Por Marco Vasques, para Desacato.info.
BOMANI
O centro da cidade vive seu consumo frenético. Cada caminhante carrega um destino de desejos. Muitos, porém, carregam o peso dos desejos interrompidos, nunca alcançados além da imaginação. Alguns carregam a dor no caminhar; outros, nos vincos do rosto. Existem aqueles que expõem os pés rachados acompanhados de unhas imperfeitas. A observação das mãos também pode revelar durezas inimagináveis. Não existe regra. Cada corpo mostra a fratura à sua maneira.
Os olhos de Bomani se destacam na multidão apressada. O globo ocular estampa um branco enervado por pequenas raízes vermelhas que contrastam com sua pele negra e sua altura incomum. Em Bomani o sofrimento é expresso de baixo para cima, porque ele revela altivez ao olhar os transeuntes incólumes aos seus pedidos. Ele canta. Na verdade, não canta, apenas gesticula os maxilares e dança.
Com um aparelho, uma caixa de som e um microfone, coloca ao fundo a música “You make me feel so young”, cantada por Frank Sinatra, e faz sua coreografia desajeitada. Os braços abertos para um horizonte entupido de pessoas ocupadas com suas lidas; o sol matinal sob a cabeça; os lábios em movimentos sensuais; os dentes, branquíssimos, escancarados; o olhar abraçando o branco das nuvens e o azul do céu; a expressão vívida de quem dança um baile desejado, enfim, Bomani parece estar rezando porque imprime, em seu espetáculo, toda a força que a necessidade exige.
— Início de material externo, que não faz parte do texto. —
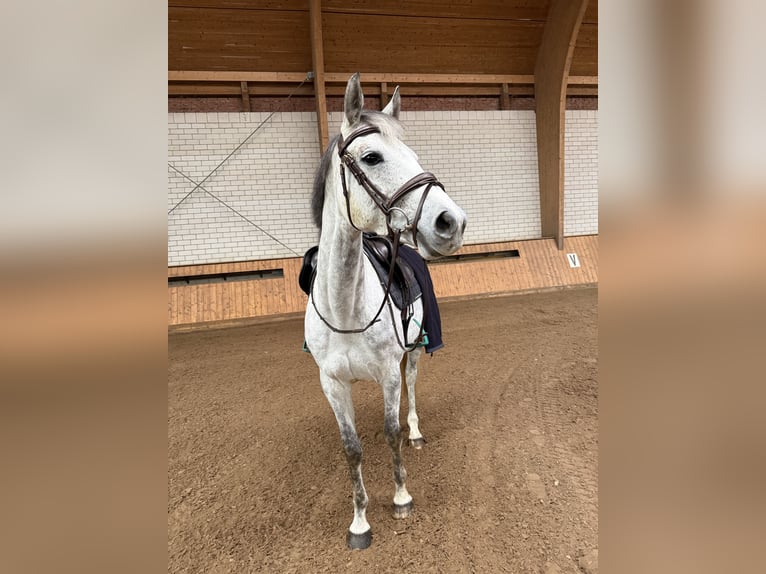 German Sport Horse Mare 9 years 16 hh Grey in Königswartha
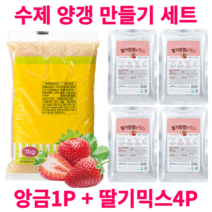 수제 양갱 만들기 재료 세트 영양갱 DIY 앙금1P+믹스4P 몰드, B-2. 백앙금1P + 딸기4P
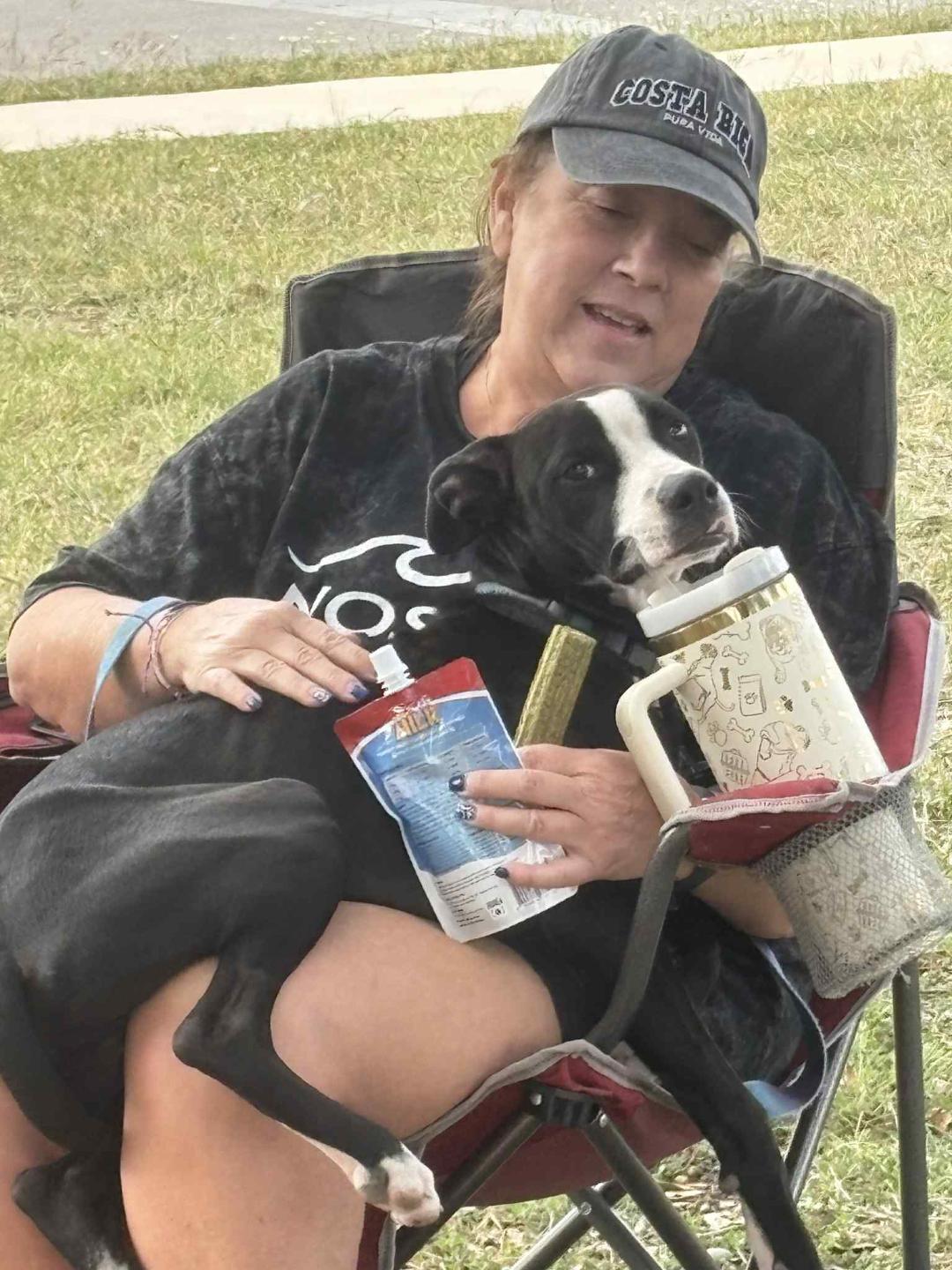 Trace, a Adopted mixed breed in Houston, TX image 2/6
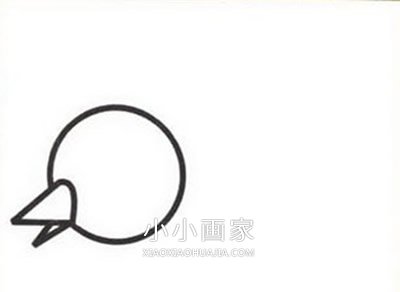 飞行的小麻雀简笔画画法图片步骤步骤2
À sua frente, uma caixa de papelão recebe os trocados de um e outro vivente desapressado. Imigrante haitiano, ele atravessou mundos, mares e guerras, e fica, parado, cantando sob o olhar desconfiado da multidão apressada. Exala uma espécie de luz inexplicável, apesar de aparentar um desespero em sua vibração. Sua voz falsa, seu gesto desajeitado, sua luz física e seu espírito tomado pela performance são tão vivos, tão providos de força, que por alguns minutos nossos corpos são invadidos por um espanto, por um silêncio, por um desconserto, enfim, por sentidos incapazes de tradução verbal. Em sua falsificação, Bomani se faz a única verdade fixa numa correria matinal de sábado.
ROMILDA
Não tem mania de homem que Romilda não conheça. São quase vinte anos abrindo as pernas para tudo que é tipo de gente para poder alimentar os filhos. Romilda costuma dizer que ser puta é uma danação. E também que só conheceu, em todos os anos de atividade, duas mulheres que realmente gostavam da profissão, pois não precisavam se submeter a essa condição de vida, já que eram mulheres com instrução, dinheiro e, diziam elas, muito bem casadas.
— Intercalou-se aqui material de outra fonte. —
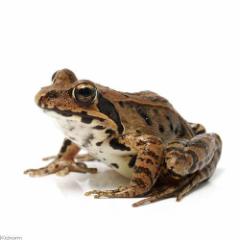 (両生類)ヤマアカガエル WC個体(1匹)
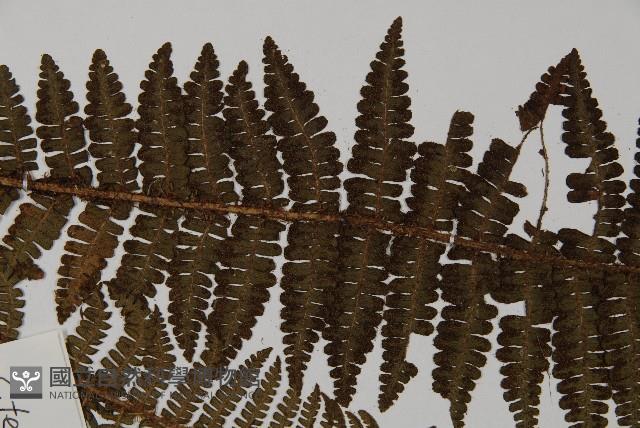 膜邊肋毛蕨藏品圖，第4張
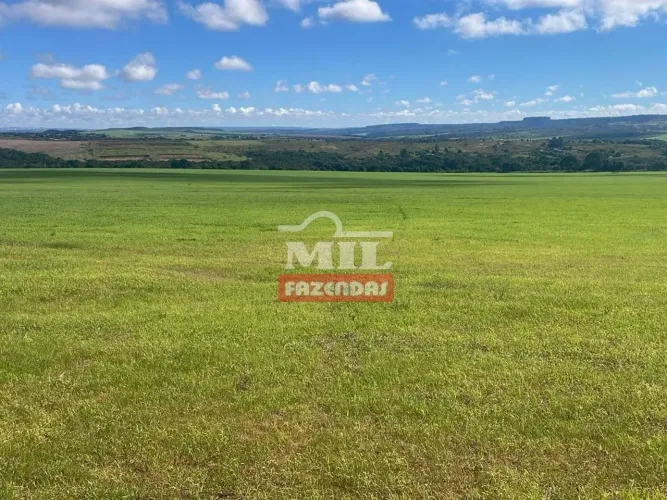 Fazenda Agrícola em Luziânia-GO. (57,4 Alqueires)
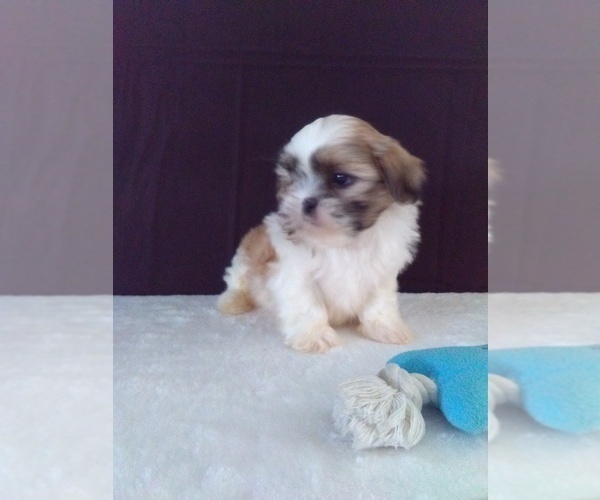 Medium Photo #3 Shih Tzu Puppy For Sale in SUGARCREEK, OH, USA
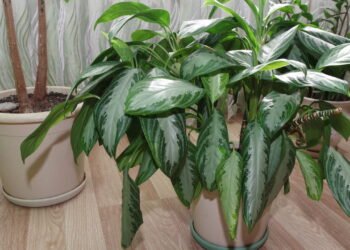 Evite essas plantas dentro de casa, elas podem afetar seu bem-estar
A regra, bradava Romilda, é foder por necessidade mesmo, o que torna a coisa um suplício, uma violência. Mas quem tem fome necessita labutar. Se nada fizesse, o que seria de sua prole? Romilda é mãe de cinco filhos. Severo, o pai das crianças, resolveu ganhar o mundo com sua amiga Roseli. O engraçado é que Romilda não o culpa, pois, segundo ela, foi o feitiço do rebolado e o sorriso de Roseli que encantaram seu homem. Se pudesse, pensava, mataria Roseli, mas antes arrancava todos os seus dentes para que ela chegasse na presença do diabo, como ela, Romilda, se apresenta aos seus clientes.
O sonho de Romilda é colocar uma dentadura. Perder o sorriso é uma desgraça, falou para Júlia, uma amiga que fica em um semáforo à frente do seu. Romilda tem quase 50 anos, não tem todos os dentes da frente e se veste com roupas bastante apertadas, que, para alguns, não servem para seu corpo flácido. Já tentou de tudo. Foi cabeleireira, manicure, faxineira, catadora de latas e funcionária em um estacionamento de carros. O salário nunca dava para tudo e ela acabava complementando a renda saciando homens solitários ou tarados sem limites. Decidiu, faz algum tempo, trabalhar apenas na rua, pois a carência, a solidão e as inúmeras perversões masculinas sempre se renovam.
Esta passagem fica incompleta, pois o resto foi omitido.